21 of 22 people found the following review helpful:
5.0 out of 5 stars Re-read it!, July 13, 2004
By Zafiro Blue (St. Louis, Missouri) - See all my reviews
First of all - don't read this if you haven't read either "The Book of Laughter and Forgetting" or "The Unbearable Lightness of Being." "Immortality" is more difficult than both of them and should therefore be read later; but not only that, the allusions to some of Kundera's earlier ideas (the border, the unbearable lightness of being) will missed if you read this first.

Second - how much you put into will be how much you get. Don't read this as a novel; read it as a treasure buried under 350 pages of prose - you'll find many nuggets, but it will take work to grasp them and they won't combine to form a fully-formed unified slab of gold.
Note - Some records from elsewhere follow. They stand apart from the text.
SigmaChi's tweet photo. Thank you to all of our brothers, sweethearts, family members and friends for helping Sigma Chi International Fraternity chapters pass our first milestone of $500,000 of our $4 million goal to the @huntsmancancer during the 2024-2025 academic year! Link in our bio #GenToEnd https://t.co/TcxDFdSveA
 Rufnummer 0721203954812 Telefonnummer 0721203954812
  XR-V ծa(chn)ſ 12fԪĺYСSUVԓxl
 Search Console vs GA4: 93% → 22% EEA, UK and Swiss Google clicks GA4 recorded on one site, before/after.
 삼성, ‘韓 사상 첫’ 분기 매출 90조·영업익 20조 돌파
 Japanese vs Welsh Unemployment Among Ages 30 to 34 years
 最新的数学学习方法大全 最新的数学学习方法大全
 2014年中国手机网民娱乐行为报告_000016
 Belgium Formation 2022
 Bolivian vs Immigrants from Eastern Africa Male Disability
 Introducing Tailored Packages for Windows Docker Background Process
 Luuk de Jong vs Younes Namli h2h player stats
Third - it's not really about immortality. It's about life, existence, and so on - the essential human themes.

Fourth - it suffers from Kundera's fatal flaw, his refusal to use the literary technique of a book's climax to make the sharpest point. The effect on the reader (and the point of literature, in my opinion, is to make the largest possible effect on the reader) would be much greater if the ending of part five ended the actual novel. I have nothing against Kundera briefly giving away the end in the middle of the novel, which he does in "Being" as well. It's a technique that he uses very well. But how much more so if the characters' ending came at the *book's* ending!

Finally - I'm not sure which rating to give to "Immortality." I first put 4 stars, as it has serious flaws (namely, it doesn't truly form exactly one work and the experimentalism does not always work - put at the climax where it belongs!). But I'd be kidding myself if 20% percent of the books I read are better than "Immortality," I think. I'll end up giving it five, but with caution. The more I reread it, which I have done recently, the more I like it. Five it is, barely. However, I think I hold Kundera to a higher standard - he has such talent; he could use it better.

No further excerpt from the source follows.